__The data__.
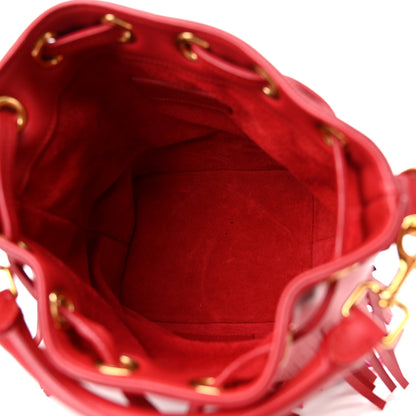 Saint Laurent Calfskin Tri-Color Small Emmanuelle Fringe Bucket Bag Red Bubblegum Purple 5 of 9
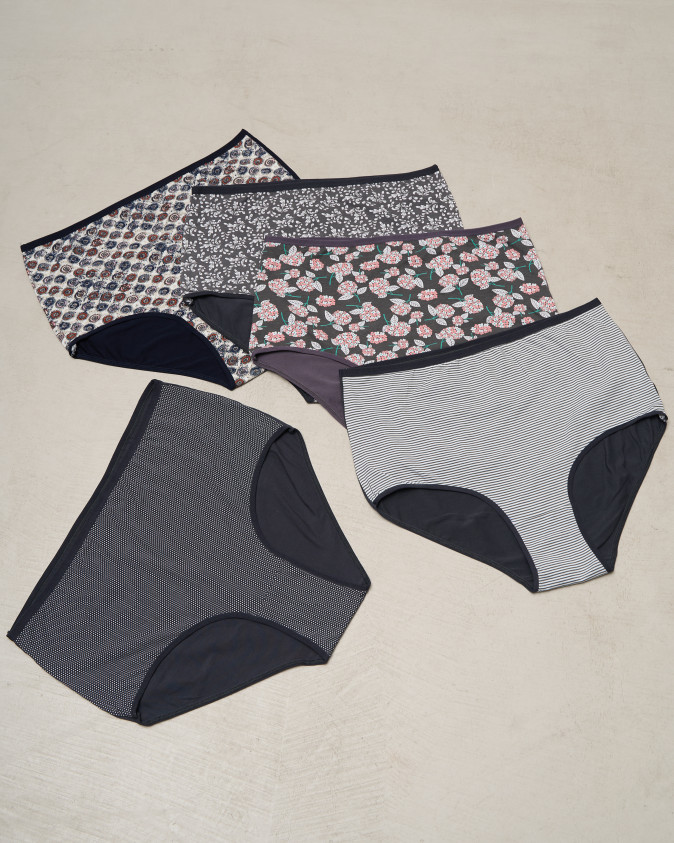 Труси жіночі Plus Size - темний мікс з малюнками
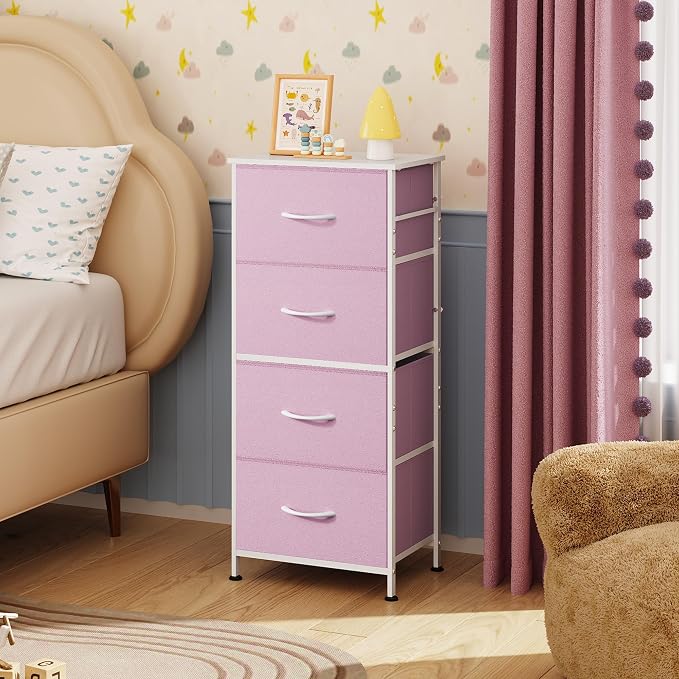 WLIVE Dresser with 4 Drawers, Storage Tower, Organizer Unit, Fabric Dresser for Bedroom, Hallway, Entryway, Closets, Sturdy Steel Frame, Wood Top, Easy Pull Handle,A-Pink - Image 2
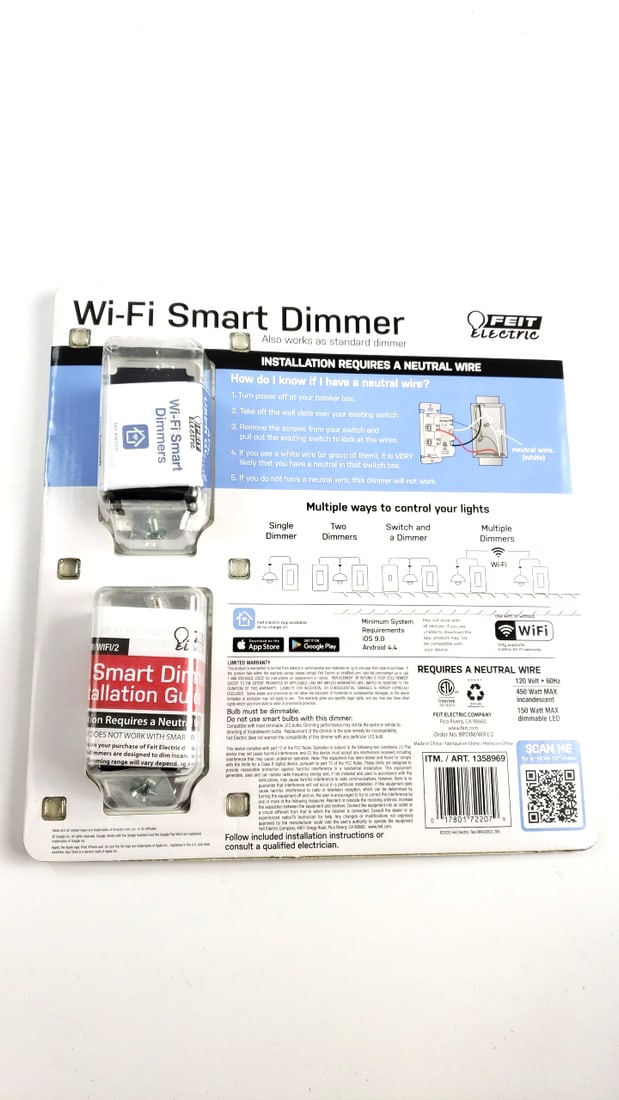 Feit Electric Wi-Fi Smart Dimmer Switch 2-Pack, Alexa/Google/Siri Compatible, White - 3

__Assignment__.
The output must match, line for line, the span from the line containing "Труси жіночі Plus" through the end of the data, with the pictures removed.

__Written solution__.
 Труси жіночі Plus Size - темний мікс з малюнками
 WLIVE Dresser with 4 Drawers, Storage Tower, Organizer Unit, Fabric Dresser for Bedroom, Hallway, Entryway, Closets, Sturdy Steel Frame, Wood Top, Easy Pull Handle,A-Pink - Image 2
 Feit Electric Wi-Fi Smart Dimmer Switch 2-Pack, Alexa/Google/Siri Compatible, White - 3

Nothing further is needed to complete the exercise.